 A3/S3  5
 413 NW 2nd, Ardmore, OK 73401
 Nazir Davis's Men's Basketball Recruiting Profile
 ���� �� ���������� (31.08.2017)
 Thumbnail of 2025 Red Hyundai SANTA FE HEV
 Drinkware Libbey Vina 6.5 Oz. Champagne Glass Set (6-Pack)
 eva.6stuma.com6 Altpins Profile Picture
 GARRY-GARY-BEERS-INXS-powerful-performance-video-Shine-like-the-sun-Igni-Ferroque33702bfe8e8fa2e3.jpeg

______

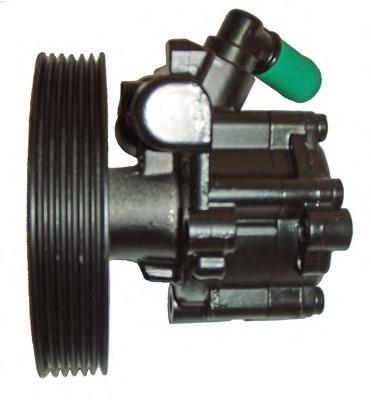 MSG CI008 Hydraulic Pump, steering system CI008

______

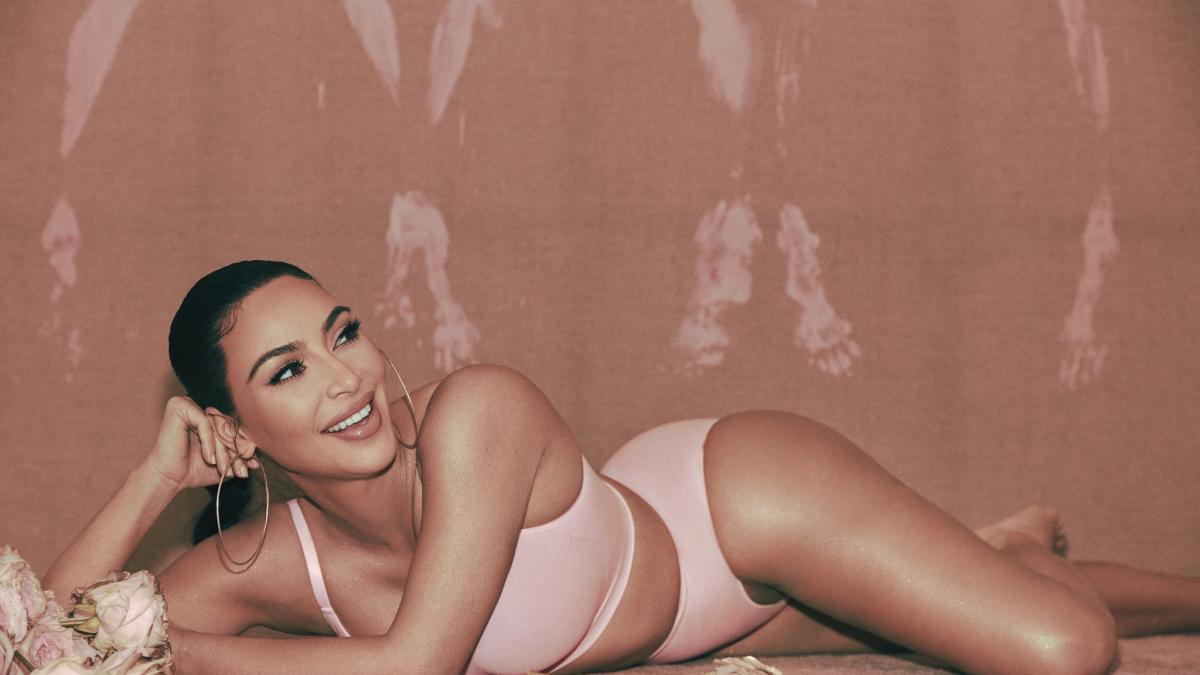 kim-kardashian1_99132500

______

Each line of the data that has the string "Profile" should be returned.

 Nazir Davis's Men's Basketball Recruiting Profile
 eva.6stuma.com6 Altpins Profile Picture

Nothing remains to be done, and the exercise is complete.